Education Week Survey – RI Results
Dan Yorke reminded me about this story in today’s ProJo:
Rhode Island has received mixed grades on the quality of its public education system, scoring poorly in two critical areas: student achievement and efforts to improve teacher quality, according to a national education magazine.
Education Week’s “Quality Counts 2008” report card gave Rhode Island D’s in those categories. The state fared better in its academic standards and testing system, earning a B+; the overall chance for student success, B-; and the amount of money it spends on education, B. The state received a C- for its efforts to offer high-quality early-childhood education programs and prepare students for college and work.
Overall, Rhode Island averaged a C, matching the national average, but lagging the other five New England states.
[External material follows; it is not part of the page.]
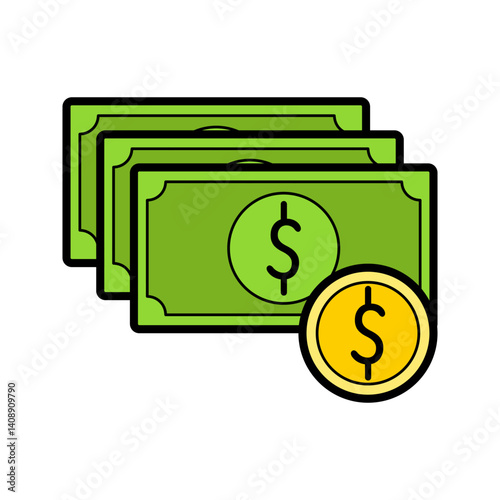dollar and coin icon vector for business and finance items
Education Week has their report online and offers a few ways of looking at the data. (Including a way to make your own report). To compare the New England states, go here. Here is their specific report on Rhode Island (PDF). The ProJo article points out a couple other findings by EdWeek:
•Rhode Island teachers are the highest paid in the nation when compared with other similar professions in the state. These include: accountants, architects, clergy, compliance officers, commuter programmers, counselors, editors and reporters, human-resources specialists, insurance underwriters, occupational and physical therapists, registered nurses and technical writers. Nationally, teachers earn just 88 cents on the dollar, when stacked against comparable professions. In Rhode Island, however, teachers earn about $1.12, or 12 cents more on the dollar than other comparable professions….[page 12 of the report – ed.]
•The report also found that Rhode Island ranks low — 44th — in the number of children whose parents are fluent English speakers, a potential risk for the future success of students whose parents do not speak English. [page 4 of the report – ed.]
•While the state ranked among the highest —7th — in its per-pupil expenditure (adjusted for regional cost differences), $10,581 a year per student, it scored at the bottom in school finance equity. Rhode Island ranked 42nd in its ability to bring all students to the same median level of what districts spend per pupil. [page 13 of the report – ed.]
The problem with the overall grade (Rhode Island gets a “C”) is that it’s misleading. Look at the categories:
It looks like the infrastructure and money is there, but the results aren’t. As Yorke said, “We’ve raised the bar but no one can reach it.” The question we need answered is, “Why not?”
“We’ve raised the bar but no one can reach it.”
Actually, in terms of student achievement, the bar is low (D+) and we are not reaching it (D).
Cue stage LEFT! Pat Crowley’s NEA salute!
Hold that middle finger high and proud before the children, parents and taxpayers of Rhode Island!